Several building products and materials companies have announced they will increase their prices in line with the Government’s price on carbon.

Companies reacted to the expectation that the tax would increase their costs by saying they will need to pass on the slug.

Brickworks issued a press release saying the tax will negatively impact housing affordability by increasing building product prices in Australia.

The company predicts the proposed $23 per tonne carbon tax would have an impact of $12.8 million on its Austral Bricks division earnings in its first year of operation. It intends to increase prices to fully recover the cost of the tax with price rises of up to six per cent.

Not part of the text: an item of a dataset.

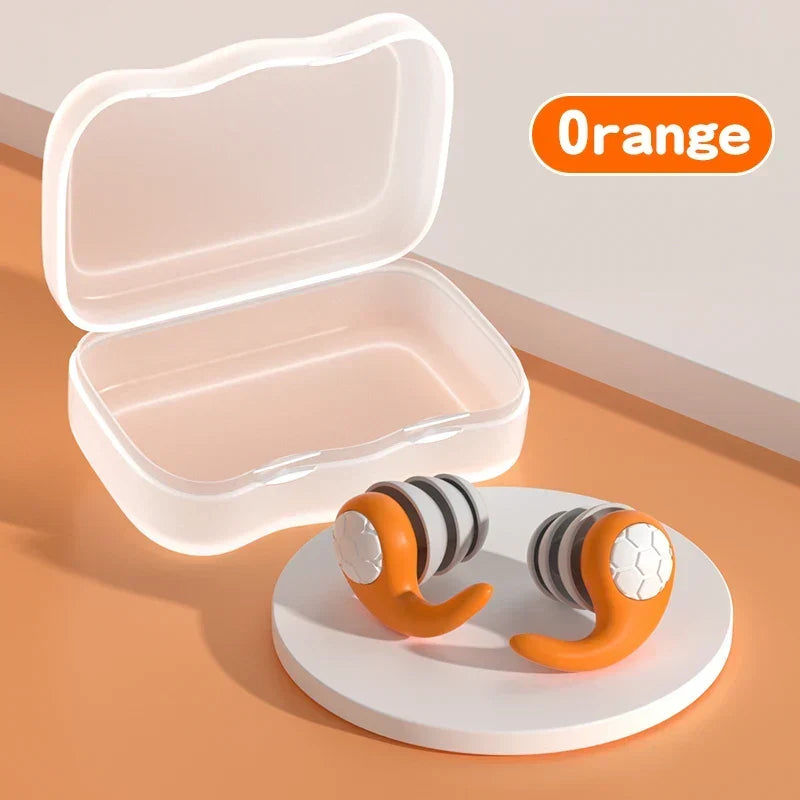 Bouchons d'oreilles en silicone pour enfant pour natation et réduction du bruit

Brickworks also claimed that as products that are classified as trade exposed, such as steel and cement, will be heavily compensated, it will lead to price benefits when compared to clay bricks that will not receive any compensation.

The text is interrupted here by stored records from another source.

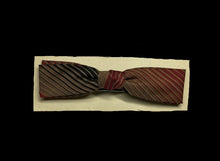 Load image into Gallery viewer, 1950's Deadstock Striped Clip-on Batwing Bowtie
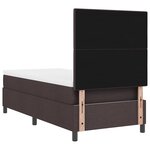 vidaXL Lit Box Spring avec Matelas Marron 90x200 cm Tissu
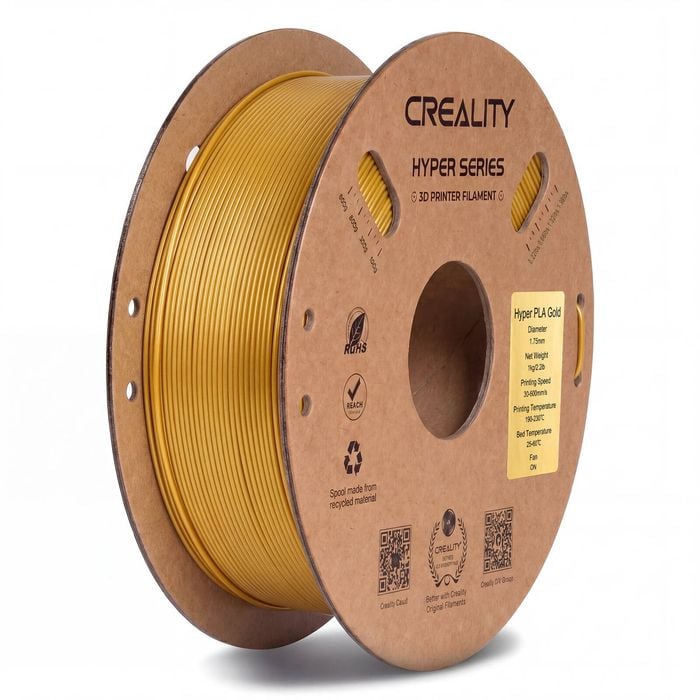 Creality Hyper Pla 3d Printer Filament High Precision - Gold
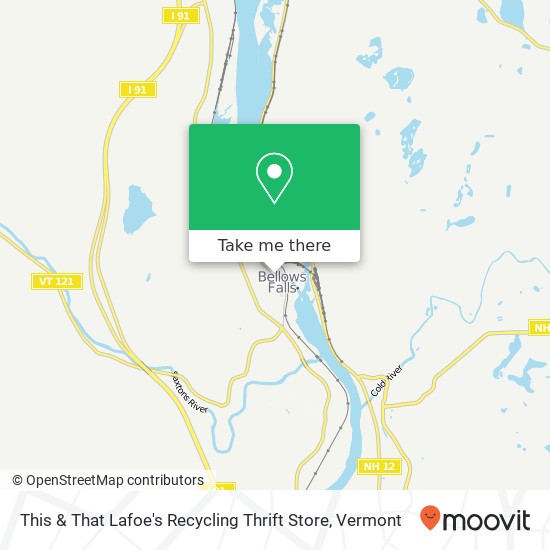 Mapa de This & That Lafoe's Recycling Thrift Store, 31 Rockingham St Bellows Falls, VT 05101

It has been reported that CSR also expects to increase prices in its range of plasterboard, bricks, roof tiles and fibre cement products to recover costs.

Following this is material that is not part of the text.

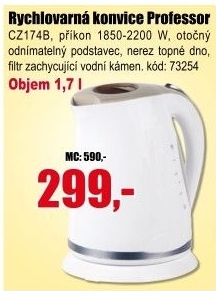 Rychlovarná konvice Professor CZ174B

And Cement producer Adelaide Brighton said it would consider importing more of its material from offshore after revealing the tax could slash its net profit by millions next year.

Deutsche Bank analyst Emily Behncke was quoted in The Australian predicting profit declines for builders Boral and CSR.

Behncke estimates Boral will suffer a full-year 2013 dip of 4.8 per cent, or $17.3m, and CSR's profit will fall 8.8 per cent, or $13.3m.

There has also been industry resentment reported that the government had pushed the climate change benefits under the now abandoned insulation scheme, yet insulation production was not covered by the current carbon tax regime.

Boral, CSR and Fletcher Building all produce insulation, which will not be covered by the full assistance package under the carbon tax.